Cette vie de paillette n’est pas vraiment celle de l’électorat du Rassemblement national. Jordan Bardella peut-il alors apparaître en déconnexion avec sa base ? « C’est un vrai point d’interrogation », estime Philippe Moreau Chevrolet. « L’électorat populaire peut aimer ce conte de fées, ce récit d’un immigré italien venu du peuple qui sort avec une princesse. Cela incarne une réussite dont il peut se sentir fier » poursuit-il.
« Cela peut provoquer aussi une colère et un rejet, son électorat estimant qu’il n’a plus rien à voir avec le discours social de Marine Le Pen. »
Philippe Moreau Chevrolet, professeur en communicationà franceinfo
Virginie Martin pointe également un risque politique : « Ça brouille son image anti-élite auprès de l’électorat populaire. Dans son dernier livre, il évoque énormément la valeur travail. C’est contradictoire avec l’univers du luxe, du bling-bling’ et de l’aristocratie. Cela peut écorner son positionnement politique. »

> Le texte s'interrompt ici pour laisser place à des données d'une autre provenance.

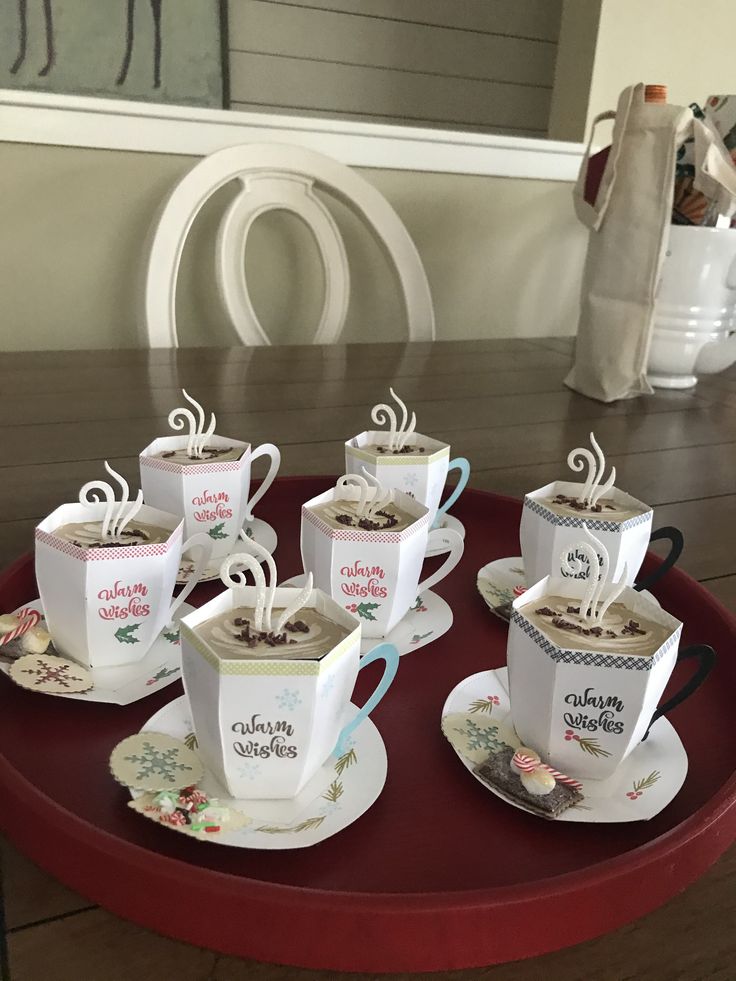 coffee cups and saucers are arranged on a tray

Du côté des élus du RN, on balaye cette possibilité. « Nos électeurs savent faire la différence entre la vie privée et le programme politique », assure Julien Odoul, député de l’Yonne. Et d’ajouter : « Un peu d’amour dans un monde de brutes est une bonne nouvelle. »
« Je sais très bien ce que Marine Le Pen pense de tout ça : elle déteste le bling-bling et les yachts. Mais les gens adorent les histoires de princesse avec un gars de banlieue, ça veut dire que tout est possible dans la vie. »
Un pilier du Rassemblement nationalà franceinfo
« La richesse de Jean-Marie Le Pen n’a jamais dérangé l’électorat populaire, ça va être pareil pour Jordan », ajoute ce cadre du parti d’extrême droite. « Jordan est hors norme en termes de carrière politique, mais ça montre qu’il est comme tout le monde dans le privé avec une vie personnelle. C’est un élément d’identification supplémentaire », estime Laurent Jacobelli, député de Moselle.
Un ancien compagnon de route de Marine le Pen s’inquiète d’un Jordan Bardella dont l’image pencherait trop à droite. « Il continue à vouloir mener une campagne sans se plier à la réalité sociologique de son électorat de premier tour, celui de Marine Le Pen, qui est un électorat populaire », estime-t-il. « Cette affaire risque d’être son yacht de Bolloré », poursuit-il en référence au séjour qu’avait effectué Nicolas Sarkozy en 2007 sur un bateau du milliardaire avant de prendre ses fonctions à l’Elysée, qui lui avait valu la réputation d’un président bling-bling.